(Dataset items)
= = = = = = =

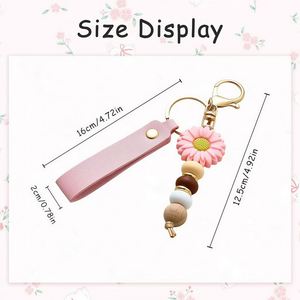 Porte-clés en cuir avec perles marguerites, porte-clés gravé avec un nom, jolis charms pour sacs à main, cadeau de remerciement pour les enseignants - Product Image 3
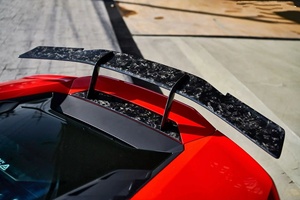 Kit carrosserie en fibre de carbone pour Lamborghini Huracan EVO : Diffuseur avant, spoiler et jupes latérales de style NT améliorés pour Huracan EVO - Product Image 4
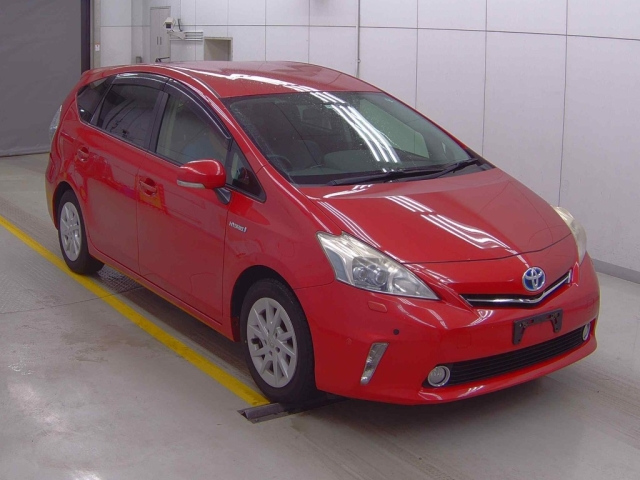TOYOTA PRIUS ALPHA 2012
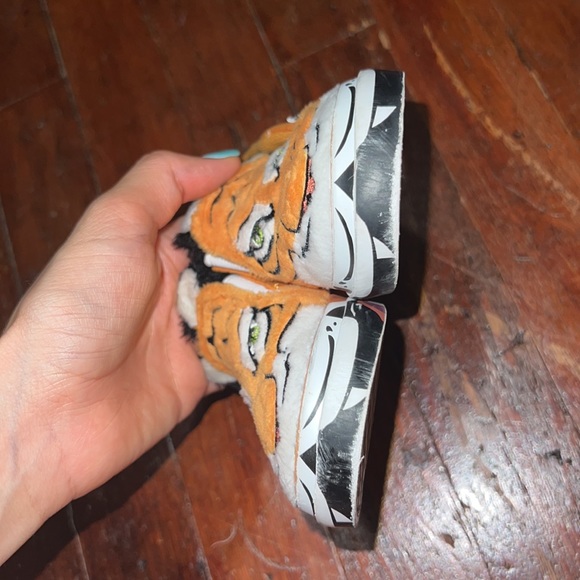 Vans Toddler Shoes - Picture 2 of 4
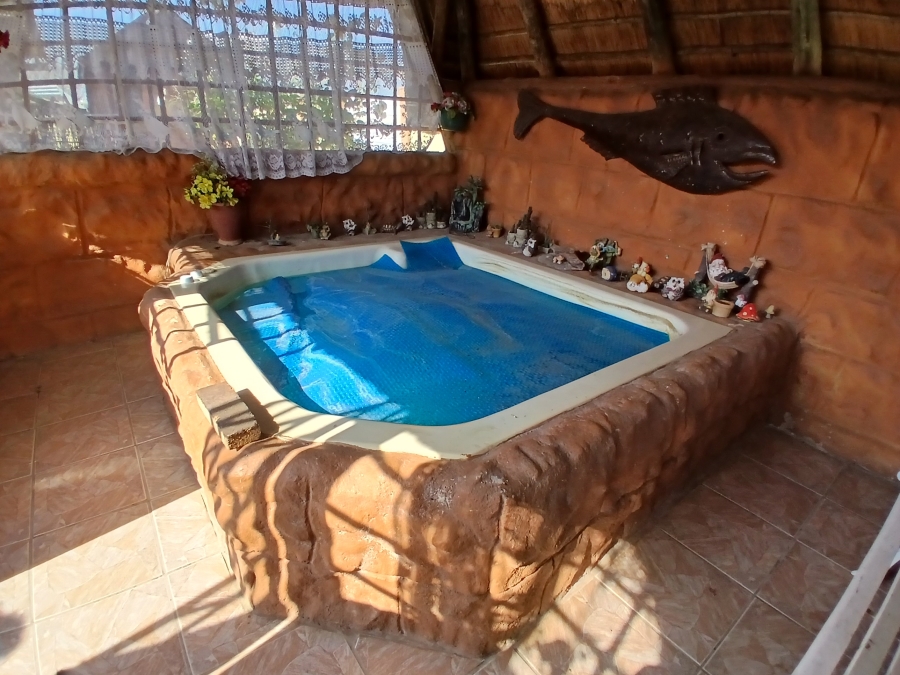 4 Bedroom Property for Sale in Dunnottar Gauteng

= = = = = = =

## GOAL OF THE EXERCISE
Write the records out once more, exactly as they appear, with no pictures.

## ANSWER FOR THIS EXERCISE
 Porte-clés en cuir avec perles marguerites, porte-clés gravé avec un nom, jolis charms pour sacs à main, cadeau de remerciement pour les enseignants - Product Image 3
 Kit carrosserie en fibre de carbone pour Lamborghini Huracan EVO : Diffuseur avant, spoiler et jupes latérales de style NT améliorés pour Huracan EVO - Product Image 4
TOYOTA PRIUS ALPHA 2012
 Vans Toddler Shoes - Picture 2 of 4
 4 Bedroom Property for Sale in Dunnottar Gauteng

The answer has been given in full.